- Born: August 3, 1963 (age 62) Nelson, British Columbia, Canada
- Height: 5 ft 10 in (178 cm)
- Weight: 181 lb (82 kg; 12 st 13 lb)
- Position: Goaltender
- Caught: Left
- Played for: HC Milano HC Asiago Augsburger Panther VEU Feldkirch Bracknell Bees
- National team: Italy
- NHL draft: 249th overall, 1982 Boston Bruins
- Playing career: 1988–2000

= Bruno Campese =

Canadian-born Italian ice hockey player

Bruno Campese (born August 3, 1963) is a Canadian ice hockey goaltender. He was selected by the Boston Bruins in the 12th round (249th overall) of the 1982 NHL entry draft. Until 2015, Campese was the general manager of the Prince Albert Raiders in the Western Hockey League (WHL).

Campese, a true student-athlete, earned both a bachelors degree (1987) and a masters degree (1989) from Eastern Washington University, Cheney, Washington, USA.

== Career ==
Campese competed at the 1994 Winter Olympic Games, and also at the 1993, 1994, and 1995 IIHF World Championships, as a member of the Italy national ice hockey team.

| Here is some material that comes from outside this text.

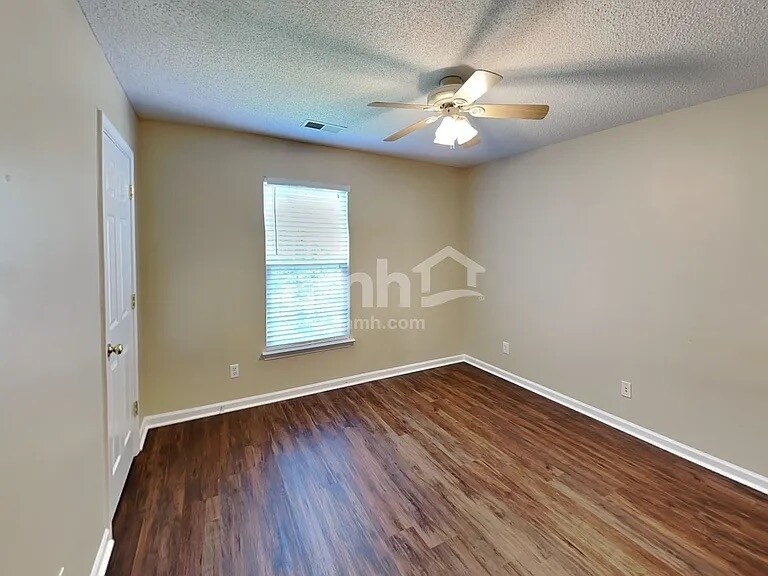 Building Photo - 4945 Wheat Dr SW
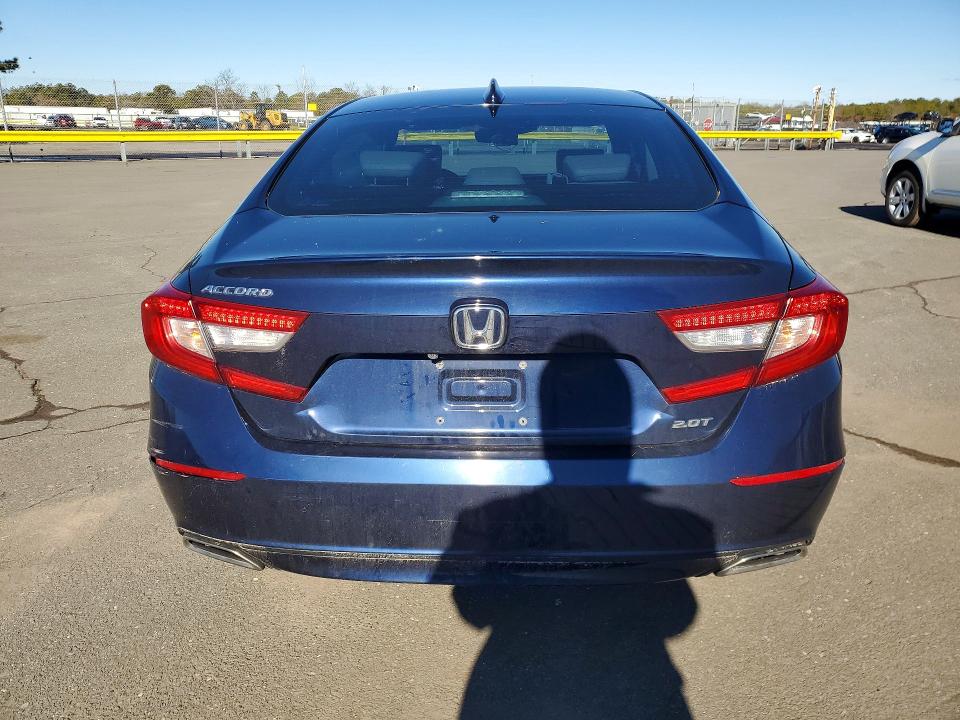 Продажа на аукционе авто 2018 Honda Accord, vin: 1HGCV2F62JA027526, номер лота: 46312206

In 2007, the Prince Albert Raiders of the Western Hockey League hired Campese as their head coach, and on January 14, 2008, he took on the added responsibility as the team's general manager. On October 28, 2011, Campese relinquished his head coaching position to his assistant Steve Young but continued as general manager for the Raiders.